Conflicting Thoughts; The Battle Within Us

Introduction

Internal conflicts or conflicting thoughts are often a result of frustration towards something. Because you cannot choose what to do and what not to do, you often end up having two opinions on that thing. It is important that we try our best to understand this issue.

“Your worst battle is within what you know and what you feel.”- Anonymous.

There are multiple situations in our lives when we particularly feel torn apart within ourselves. We feel confused, unconfident, upset over how our brain and heart have been at war with each other. It becomes too overwhelming to be the territory over which these two rulers fight. Sometimes our heart wins, and sometimes our brains and often, neither of them. Which tears you apart more. This is why it is necessary to know about these internal conflicts and to recognize them so that you can make the right choices and make it out of this horrendous storm.
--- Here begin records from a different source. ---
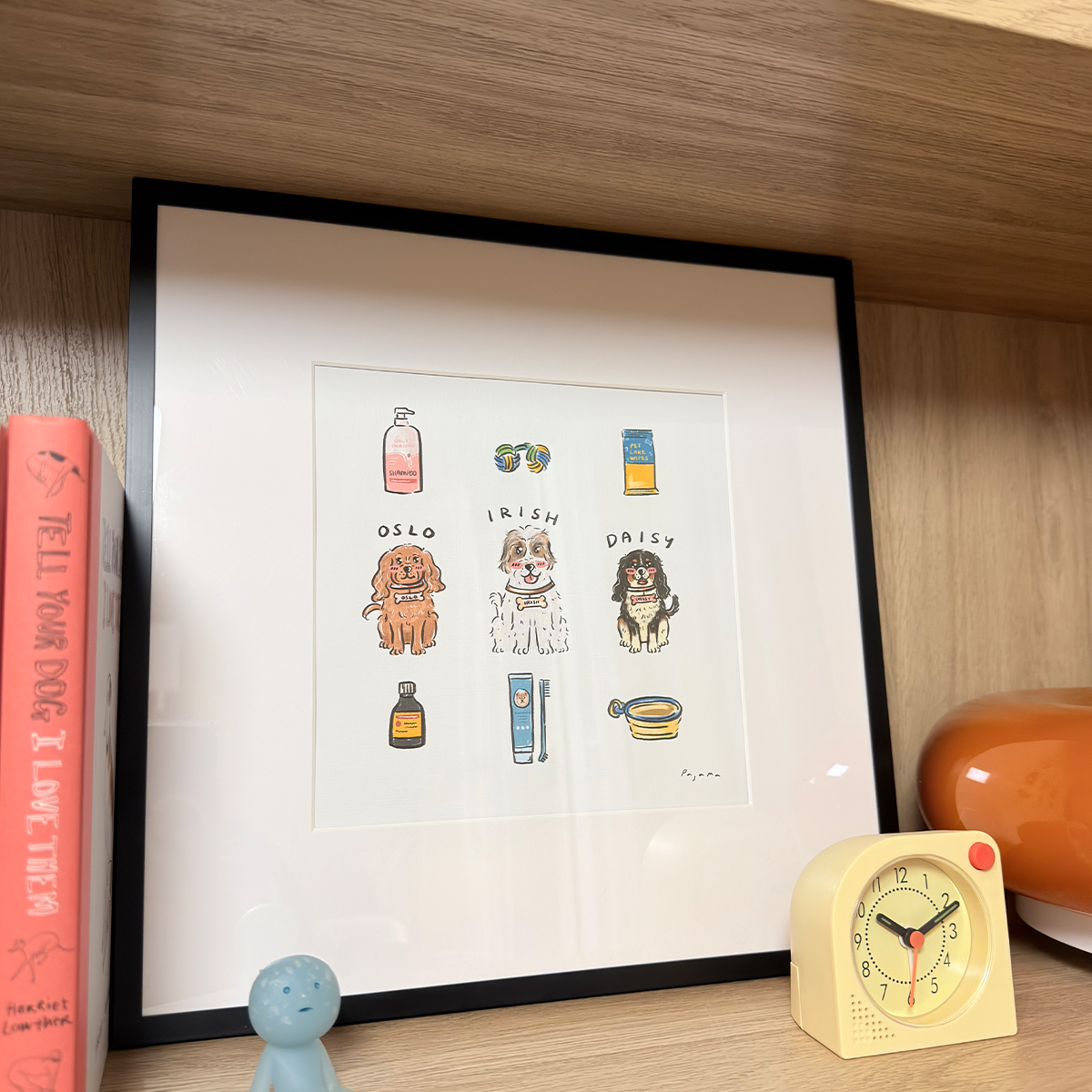 Custom Pet Illustration with Frame by Pajama Art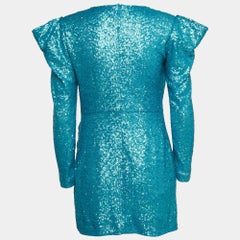 Collini Blue Sequin Draped Long Sleeve Mini Dress S
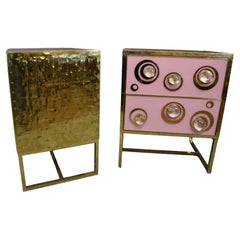 Pair of Modern Pink Nightstands with Murano Spheres and Brass Legs Available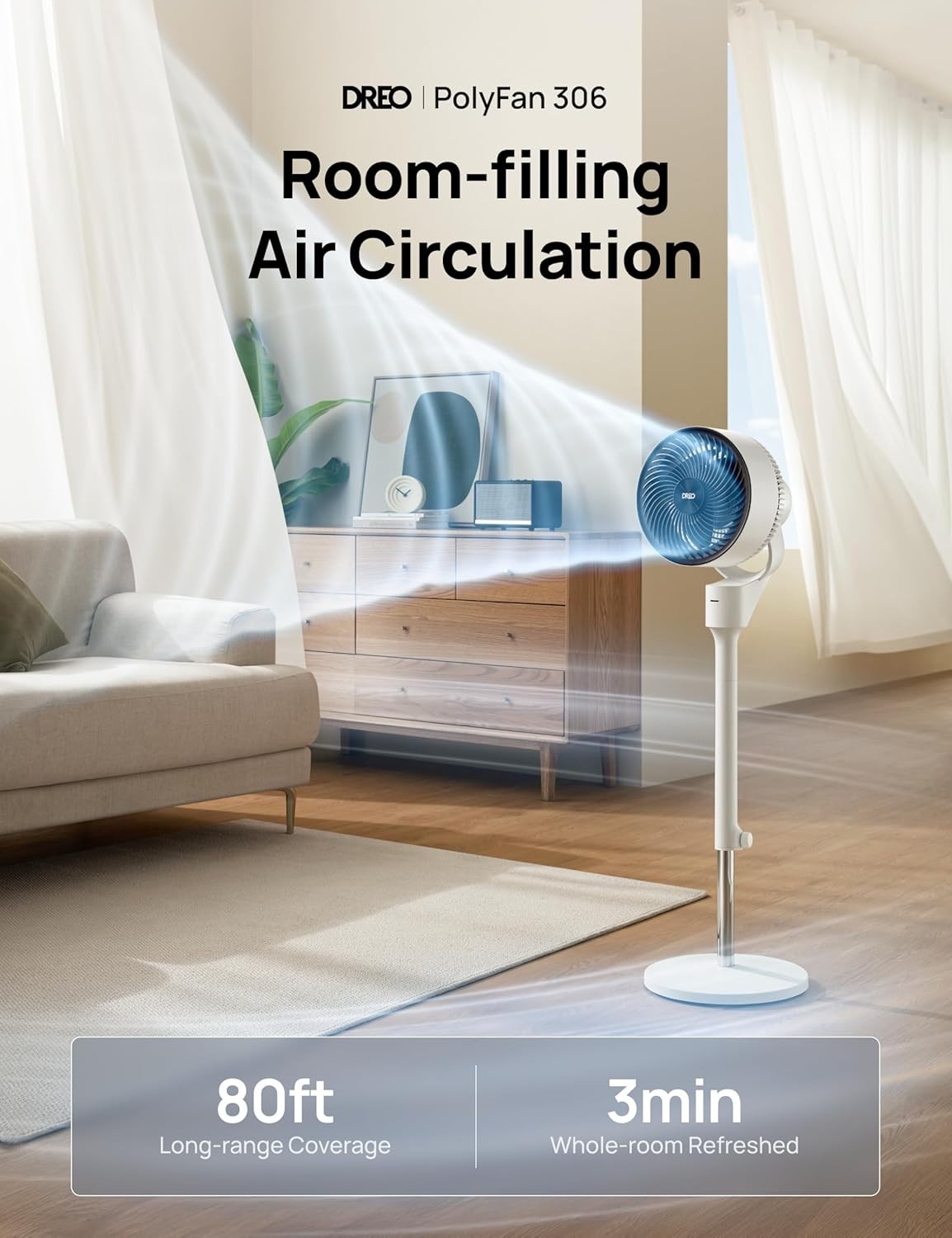 80ft Electric Standing Fan – 3-Speed Quiet Oscillating Pedestal w Remote Control
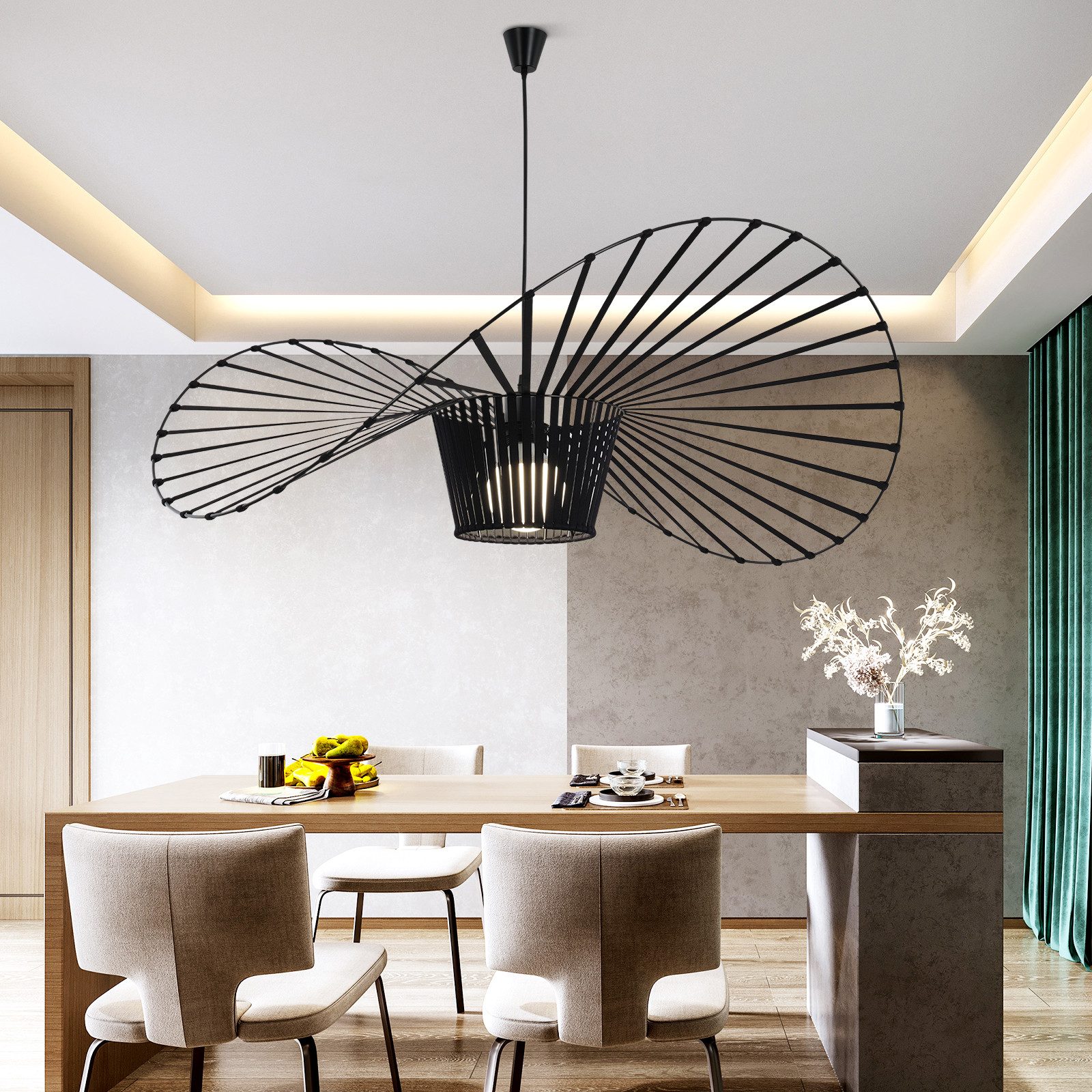 ZMH LED Pendelleuchte Modern - Schwarz E27 für Esszimmer 60/80/100/120/140cm, ohne Leuchtmittel, Max 40W E27
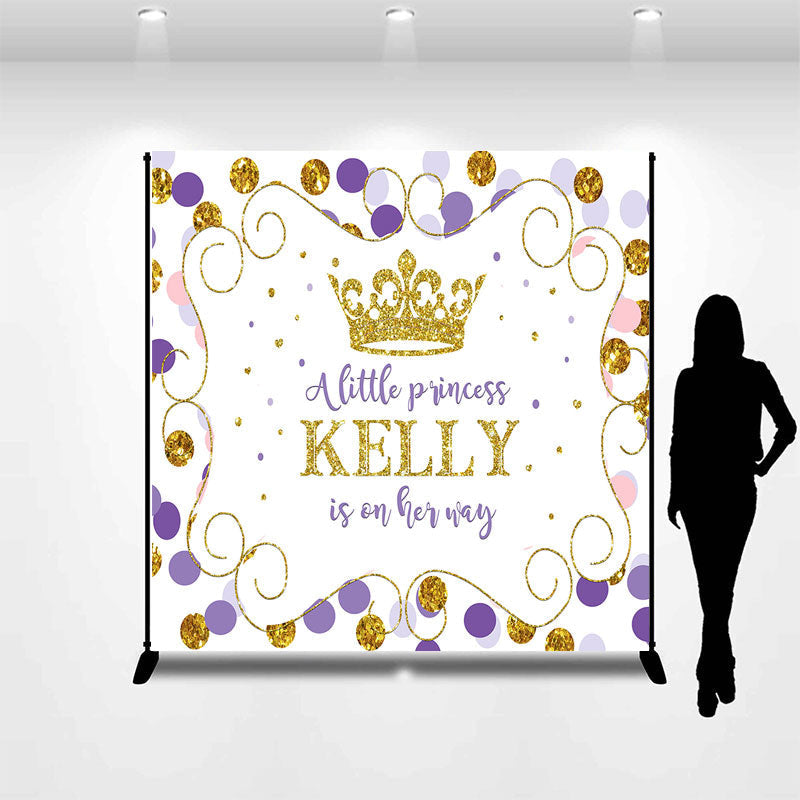 Lofaris Princess Gold Crown Purple Dots Baby Shower Backdrop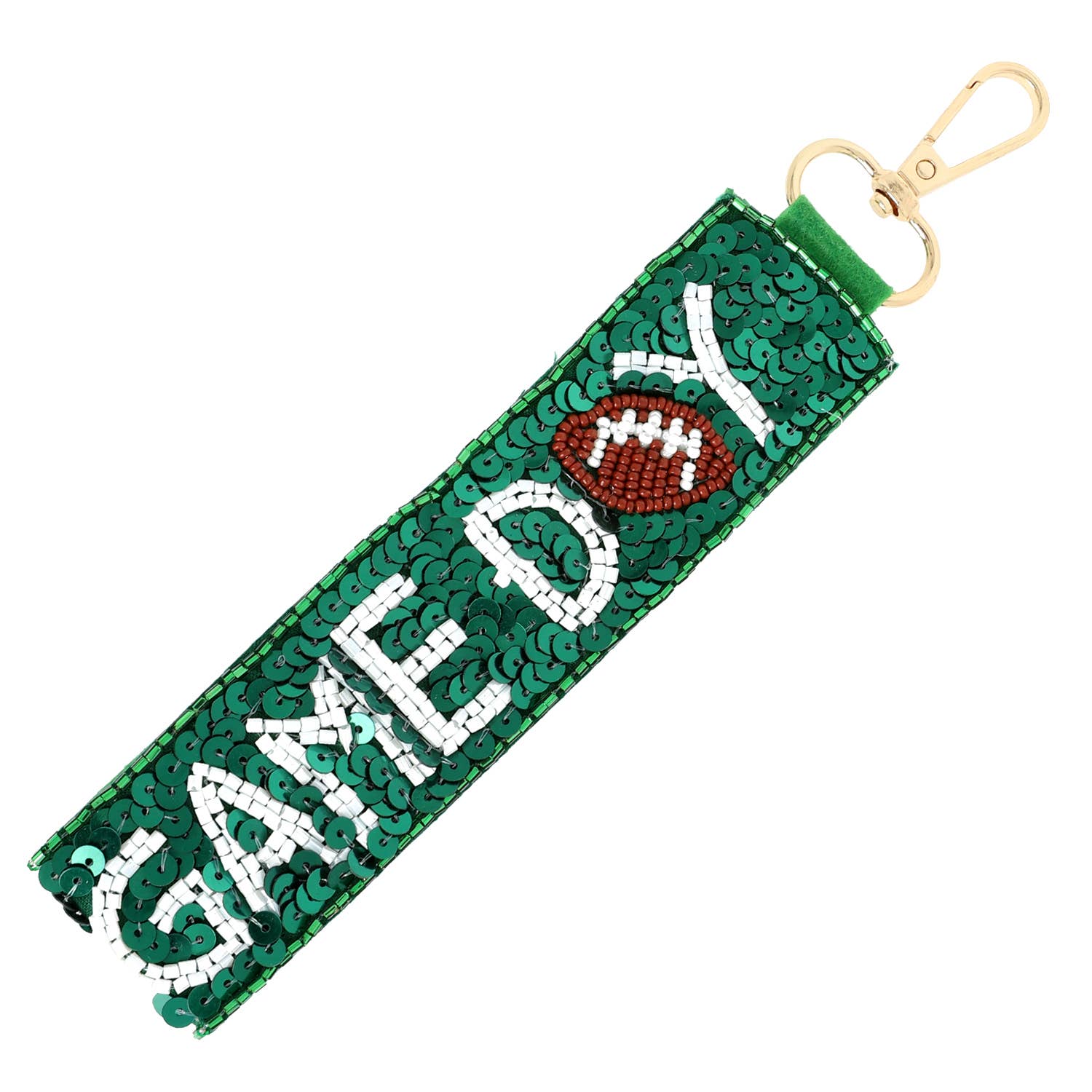 SP Sophia Collection - Wholesale Keychain - Women's - Game Day Seed Beaded Sequin Football Keychain 3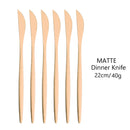 Axyaa 6-Piece Matte Dinner Knife Set Stainless Steel Cutlery Gold Silverware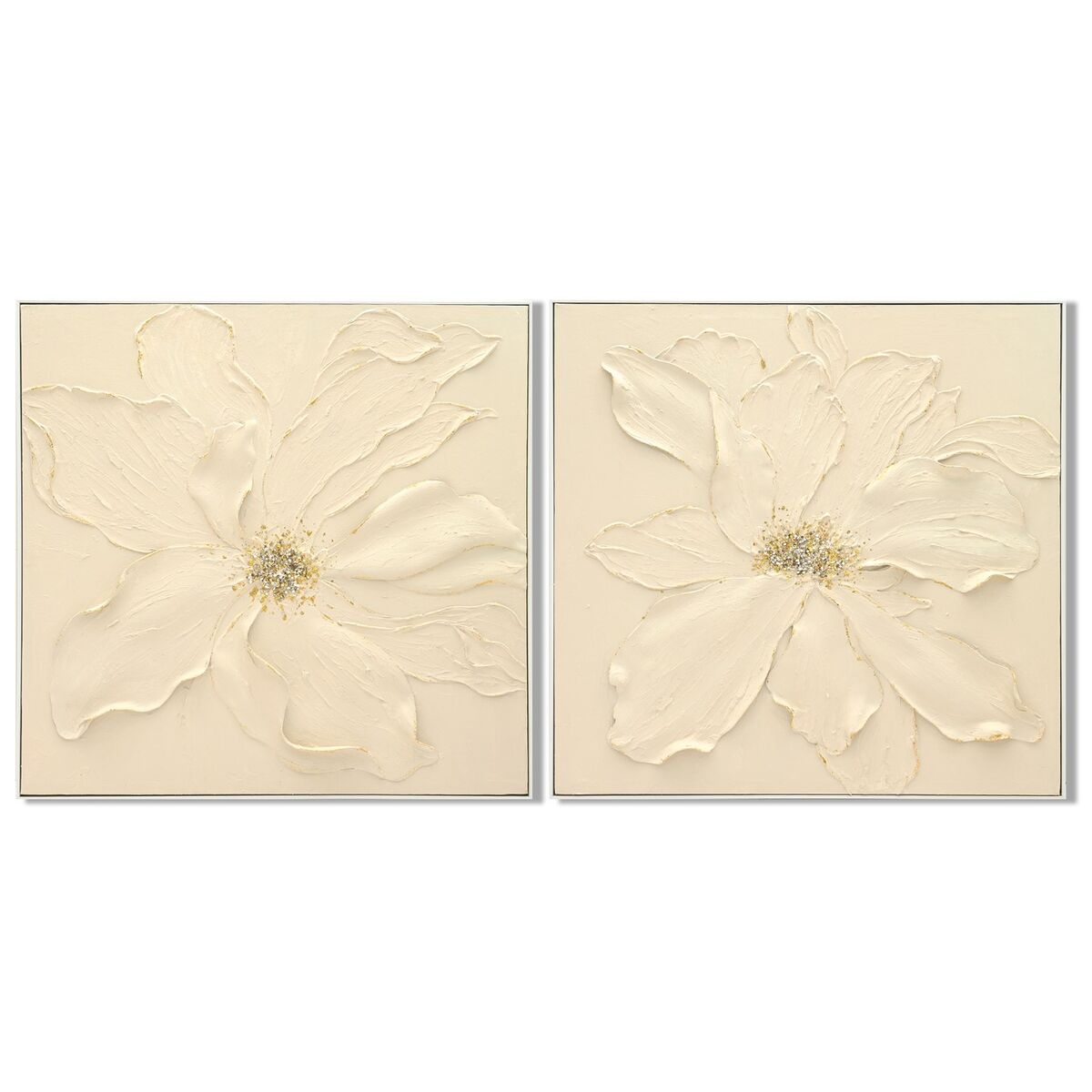 Schilderij Home ESPRIT Beige Bloem Shabby Chic 82 x 4,5 x 82 cm (2 Stuks)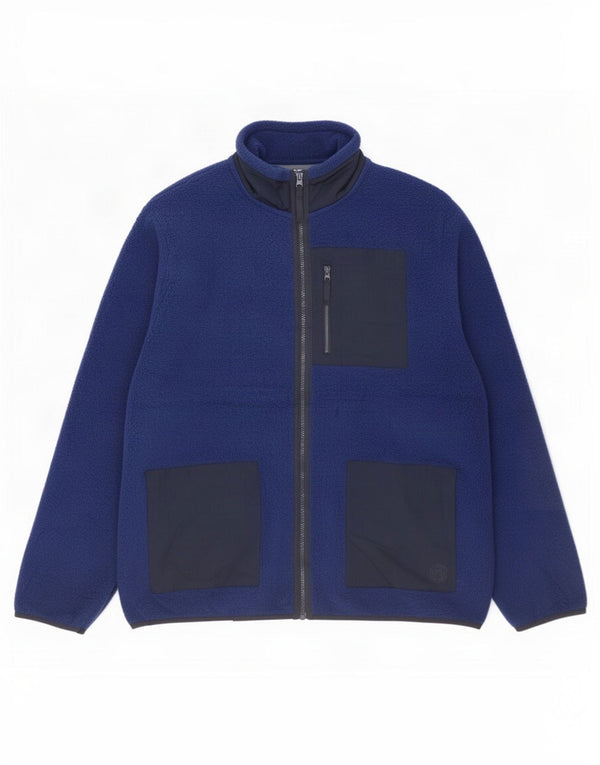 Marks & Spencer Ανδρικό Fleece Jacket UK 40 Large Blue Colorblock Polyester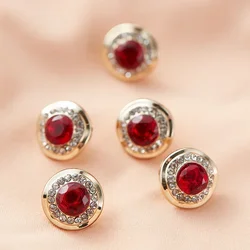 5pcs Fashionable Gemstone Buttons 11.5mm Small Luxurious Metal Shank Buttons Woman's Clothing Decorative Buttons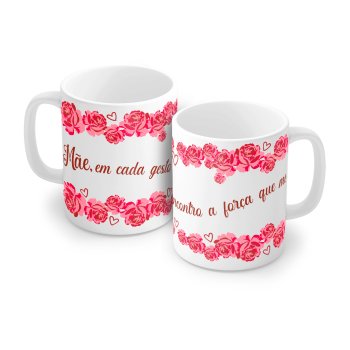 Caneca de Porcelana 320 ml decoração faixa- Mãe  1561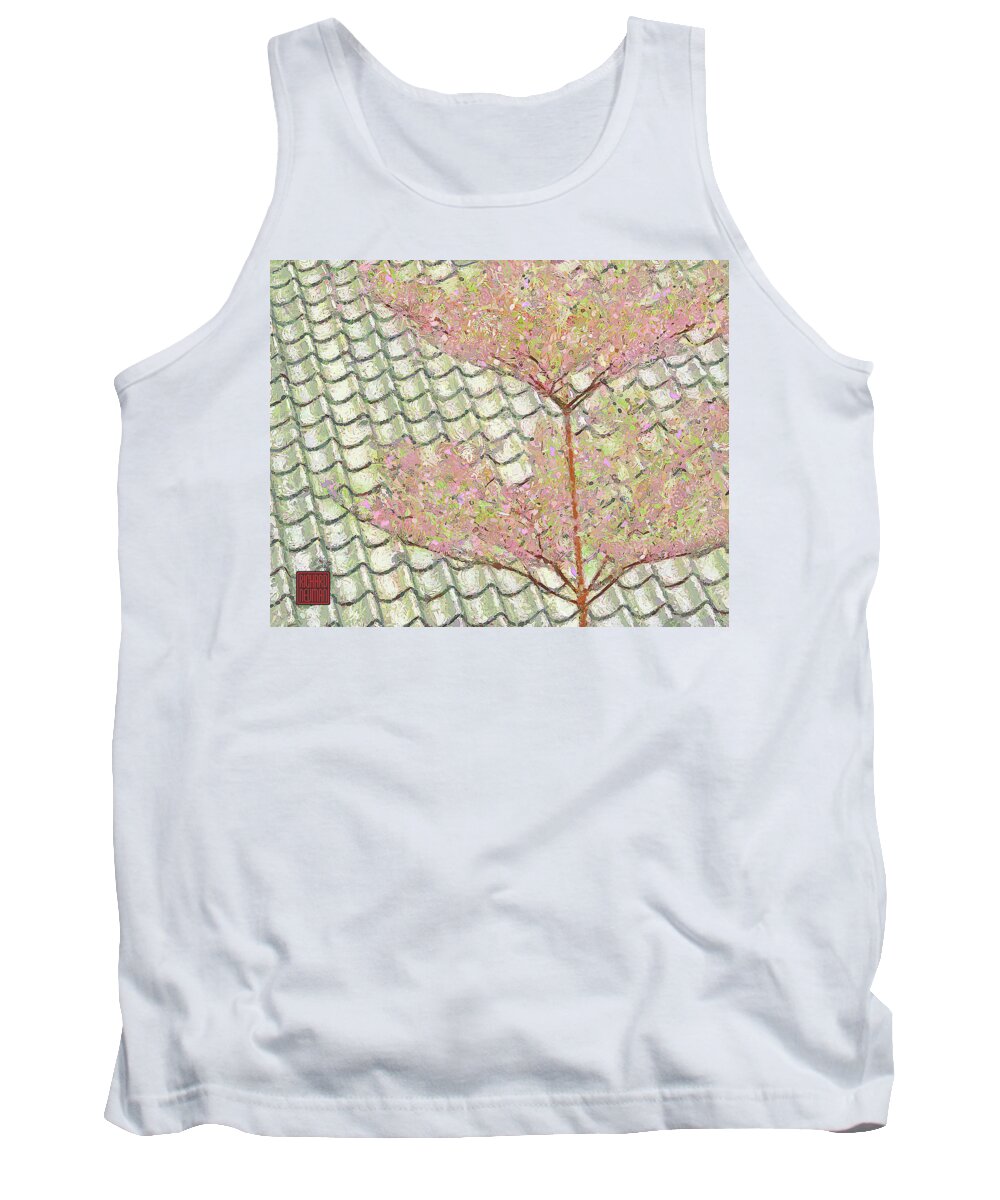 Architecture Tank Top featuring the mixed media 205 Blossoms And Tiled Roof, Daxi Tea Factory, Taoyuan, Taiwan by Richard Neuman Architectural Gifts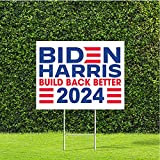 Biden Harris Build Back Better 2024 Election Campaign Signs Coroplast Yard Sign with Metal H Stake (8)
What are the conflicting thoughts?

Ambivalence or conflict within ourselves is referred to as the situation of having more than two opinions or reactions about a particular issue, or an event, or an object at the same time. Most of the time it has two sides of view, a negative aspect, and a position aspect. Mixed feelings towards something or someone can also be considered a part of conflicting thoughts. The psychological term for conflicting thoughts is said to be Cognitive Dissonance. It is defined as the unwanted tension that may be a result of multiple conflicting thoughts or because you have been feeling frustration towards a particular object and you cannot choose a side of the conflict to side with.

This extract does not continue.